The socket option can be made during any state of a TCP connection, but
is only effective during the synchronized states of a connection
(ESTABLISHED, FIN-WAIT-1, FIN-WAIT-2, CLOSE-WAIT, CLOSING, or LAST-ACK).
Moreover, when used with the TCP keepalive (SO_KEEPALIVE) option,
TCP_USER_TIMEOUT will overtake keepalive to determine when to close a
connection due to keepalive failure.

The option does not change in anyway when TCP retransmits a packet, nor
when a keepalive probe will be sent.

This option, like many others, will be inherited by an acceptor from its
listener.

Signed-off-by: H.K. Jerry Chu <[email protected]>
Signed-off-by: David S. Miller <[email protected]>

I suggest that if the TCP_USER_TIMEOUT socket option described by Kimvais is available, you use that.
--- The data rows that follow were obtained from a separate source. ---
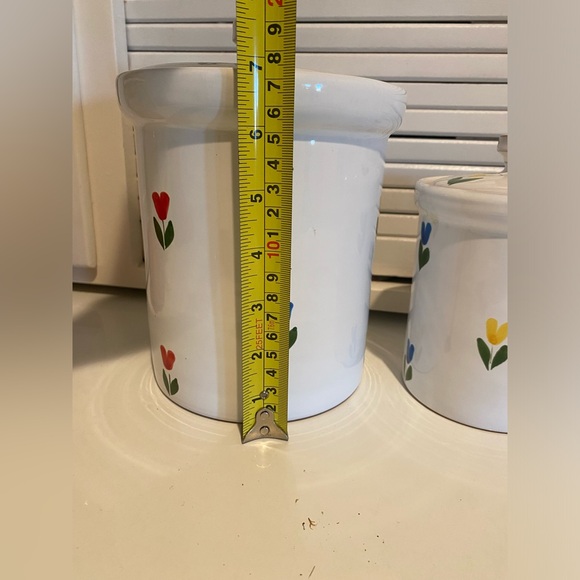 Vintage Tulip Canisters Set Of 3 With Lids Made in Italy Pottery Glazed - Picture 6 of 10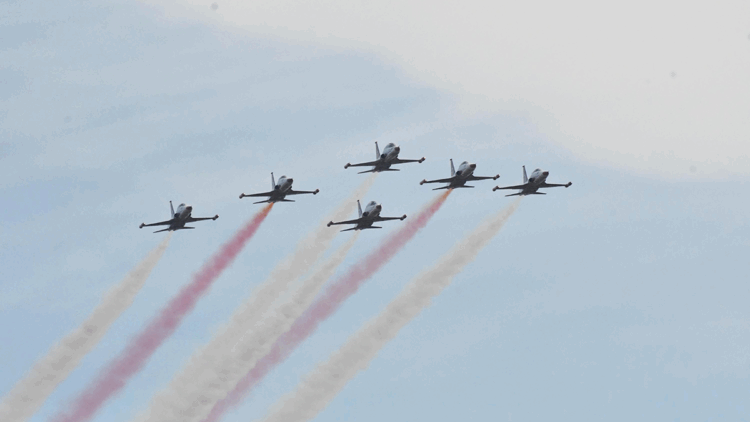 Türk Yıldızları'ndan Çorlu'da gösteri uçuşu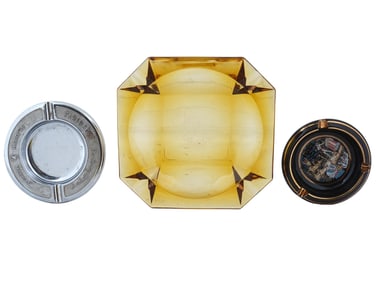 VINTAGE GREEK PORCELAIN 21K GOLD AND PARAMOUNT ASHTRAYS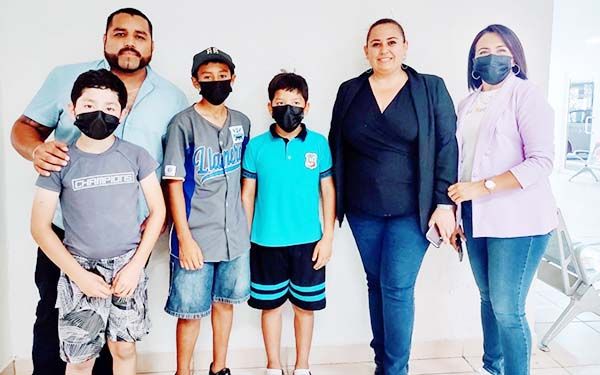 Niños futbolistas de SB van a torneo a Mazatlán
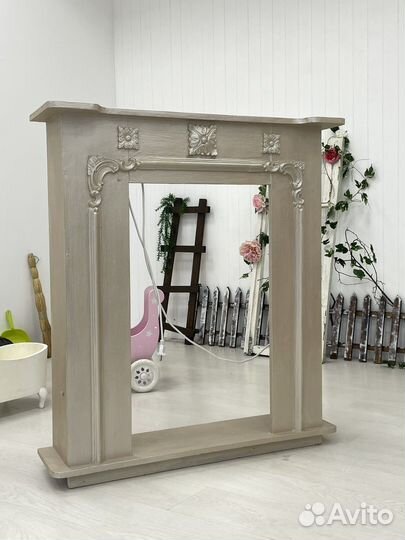 Камин декоративный с розеткой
On older kernels where that socket option is not present, you could repeatedly call the SIOCOUTQ ioctl() to determine the size of the socket send queue - if the send queue doesn't decrease over your timeout period, that indicates that no ACKs have been received and you can close the socket.


After some thinking (and googling), I came to the conclusion that you can't change tcp_retries1 and tcp_retries2 value for a single socket unless you apply some sort of patch to the kernel. Is that feasible for you?

Otherways, you could use TCP_KEEPALIVE socket option whose purpose is to check if a connection is still active (it seems to me that that's exactly what you are trying to achieve, so it has sense). Pay attention to the fact that you need to tweak its default parameter a little, because the default is to disconnect after about 2 hrs!!!